選び方・調理法
選び方
生鮮品(生サクラエビ)は、透き通った鮮やかな桜色をしており、身に弾力と光沢があるものを選ぶ。頭部が黒ずんでいるものや、全体に白濁しているものは鮮度が落ちている可能性があるため避ける。乾燥品は、色が均一で退色しておらず、形が崩れていないものが良品とされる。
下処理
生鮮品はボウルに入れ、薄い塩水でさっと洗って汚れやゴミを落とす。水気をよく切ることが重要である。長い触角(ひげ)は口に当たるため、丁寧な仕込みを要する料理では取り除くことが望ましい。加熱調理の際は、水分を飛ばすように加熱すると香ばしさが引き立つ。
保存方法
生鮮品および釜揚げは非常に傷みやすいため、乾燥を防ぐよう密閉して冷蔵保存し、早めに使い切る。長期保存の場合は冷凍が可能。乾燥品は酸化と湿気を嫌うため、脱酸素剤と共に密閉容器に入れ、冷暗所(可能であれば冷蔵庫)で保存する。
時期・特徴
国内分布
日本国内で漁業権が認められているのは、静岡県の駿河湾のみである。

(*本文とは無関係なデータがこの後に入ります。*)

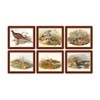 Lady Clare Gould Game Birds Coasters - Set of 6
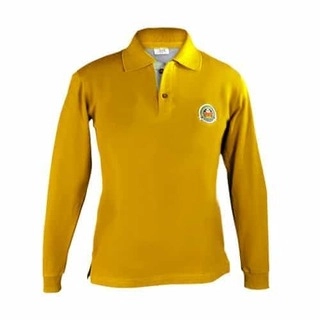 Amity Winter Unisex Full Sleeves House T-Shirt -Class 1 to 12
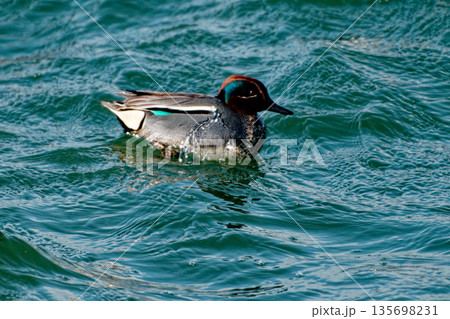 藤前干潟の冬鳥カモ科コガモ♂ 135698231
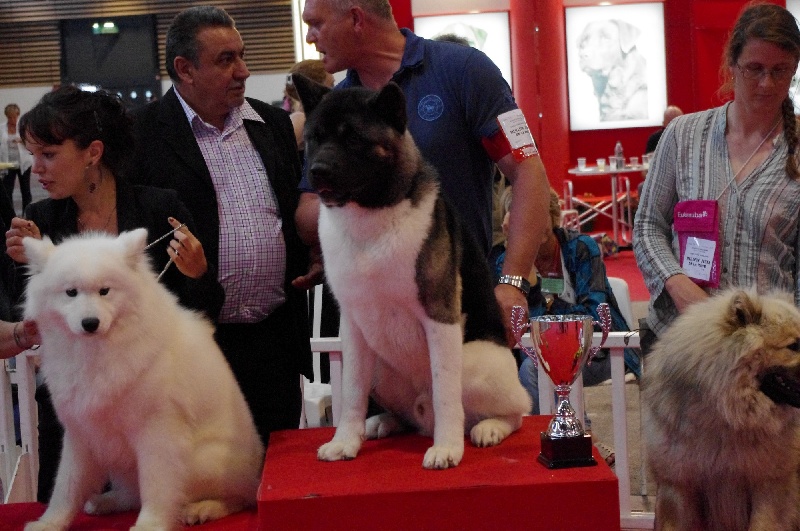 Ghoover du Lac Brûlé - (CJM) : 1er Ex / Meilleur Jeune / BOG Jeune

主に大井川口、富士川口、安倍川口の周辺に生息している。
時期
漁期は春(3月下旬〜6月上旬)と秋(10月下旬〜12月下旬)の年2回に制限されている。産卵期の夏と、成長を待つ冬は資源保護のため禁漁となる。
栄養
殻ごと摂取するため、カルシウムやマグネシウム、リンなどのミネラル類が極めて豊富である。また、色素成分であるアスタキサンチンを含み、抗酸化作用が期待される。タンパク質、ビタミンB12、葉酸なども含まれる。
特徴
体長約40mm前後の小型のエビで、深海200〜600m付近に生息する。夜間になると餌を求めて水深20〜60m付近まで浮上する日周鉛直移動を行うため、この習性を利用して漁獲される。体表面には約160個の発光器があり、水中で美しく光ることから「海の宝石」とも称される。
品種・由来
- 品種名:サクラエビ(桜海老)
- 分類:十脚目サクラエビ科サクラエビ属
- 学名:Sergia lucens
由来
透き通った体が桜の花びらのように美しいピンク色に見えることから「サクラエビ」と名付けられたとされる。
伝来
1894年(明治27年)、駿河湾の由比(現在の静岡市清水区)の漁師である今文こと望月文蔵と、海野丈蔵の2人が、アジの夜曳き漁の最中に網を深く沈めすぎてしまった際、偶然にも大量のサクラエビが網に入ったことが発見のきっかけとされている。
歴史背景
明治期の発見以前から生息はしていたが、深海に生息するため食用としての存在は知られていなかった。発見後は、富士川の河川敷での天日干し風景が地域の風物詩となり、保存技術や輸送網の発達とともに全国へ流通するようになった。
備考
別名:ヒカリエビ(発光することに由来)
主な料理:かき揚げ、刺身(生食)、釜揚げ、沖あがり(漁師風のすき焼き)、パスタ、塩辛
加工区分:
- 素干し:生のまま天日または乾燥機で干したもの。
- 釜揚げ:煮釜で塩ゆでしたもの。
- 煮干し:茹でた後に乾燥させたもの。